BANKS SUFFER BIG SELLOFF AFTER REPORTING STRONG EARNINGS — JP MORGAN CHASE SUFFERS DOWNSIDE REVERSAL DAY — FINANCIAL SPDR FAILS TEST OF 50-DAY AVERAGE — STOCK INDEXES PULL BACK FROM 50-DAY AVERAGES BUT ON LIGHTEST TRADING OF THE YEAR — A BATTLE OF MOVING AVERAGE LINES IS SHAPING UP
By John Murphy
JP MORGAN CHASE SUFFERS DOWNSIDE REVERSAL ON FRIDAY… Friday had to be a very discouraging day for investors in bank stocks. After reporting first quarter earnings that were much higher than expected, bank stocks opened higher before plunging in heavy trading. Chart 1 shows JP Morgan Chase (JPM) suffering a big downside reversal (in very heavy trading) which put it back below its 50-day moving average. Bank stocks lost 2.4% during the day which made financial stocks the day’s weakest sector (-1.5%). Chart readers don’t usually follow earnings very closely, but we do pay attention to how stocks react to those earnings. Wall Street analysts have been telling us for weeks that a strong earnings season would be enough to push the stock market higher. Friday’s weak reaction to strong bank earnings may cast some doubt on that reasoning. Chart 2 shows the Financial Sector SPDR (XLF) failing back sharply from its 50-day average. Despite Friday’s weak performance, financials still gained about 1% for the week.
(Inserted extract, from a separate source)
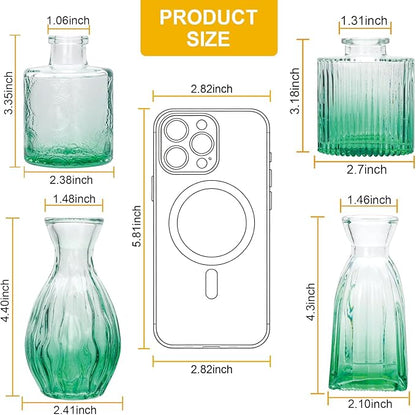 Mapoxy Glass Bud Vases Set of 4,Small Green Flower Vases for Wedding Centerpiece Table Decorations,Clear Vintage Embossed Mini Vases,Flower Arrangements in Vases for Party or Home Decor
MAJOR STOCKS INDEXES BACK OFF FROM 50-DAY MOVING AVERAGES … Financial stocks are the second biggest sector in the S&P 500 (17%) which is second only to technology’s weighting of 23%. As a result, Friday’s financial selling took a toll on the rest of the market. Chart 3 shows the Dow Industrials pulling back from a test of its 50-day average on Friday. Charts 4 and 5 show the S&P 500 and Nasdaq Composite indexes doing the same. The only positive factor was that trading volume was the lowest of the year. Then again, trading for the entire week was also one of the lowest of the year. That suggests that traders and investors don’t have too much conviction one way or the other. So it looks like a battle of moving averages is taking shape. The ability of major stock indexes to say above their 200-day moving averages has kept the market’s major uptrend intact. But they need to clear their 50-day averages to signal that stronger gains lie ahead. They weren’t able to do that this past week. So more trading between the blue and red moving averages lines may lie ahead. Sooner or later, one of them will have to be broken.